[DATA RECORDS]:
========

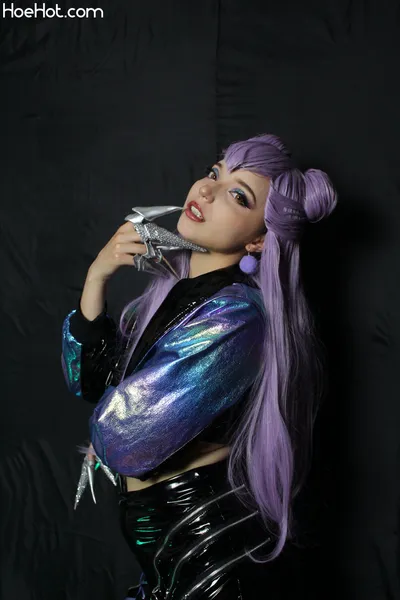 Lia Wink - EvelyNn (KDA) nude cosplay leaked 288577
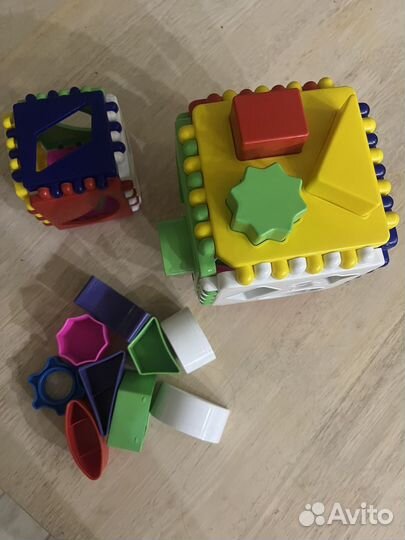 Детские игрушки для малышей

========

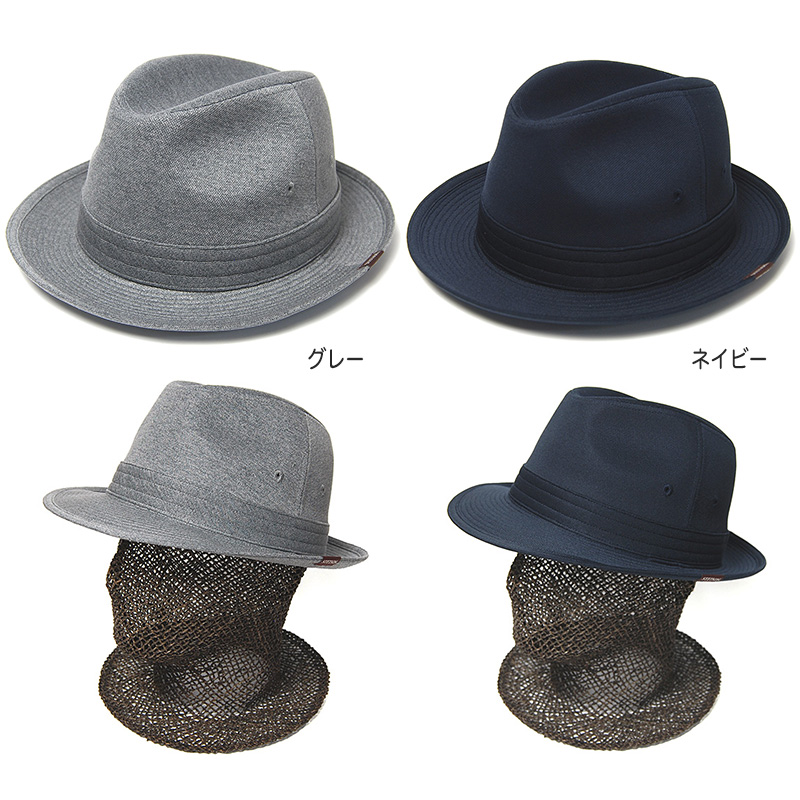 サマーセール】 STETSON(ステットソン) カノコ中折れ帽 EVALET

========

The answer is the lines above from the one with "Lia Wink - EvelyNn" to the one with "Детские игрушки для малышей", set down exactly, with no pictures.

[ANSWER SECTION]:
 Lia Wink - EvelyNn (KDA) nude cosplay leaked 288577
 Детские игрушки для малышей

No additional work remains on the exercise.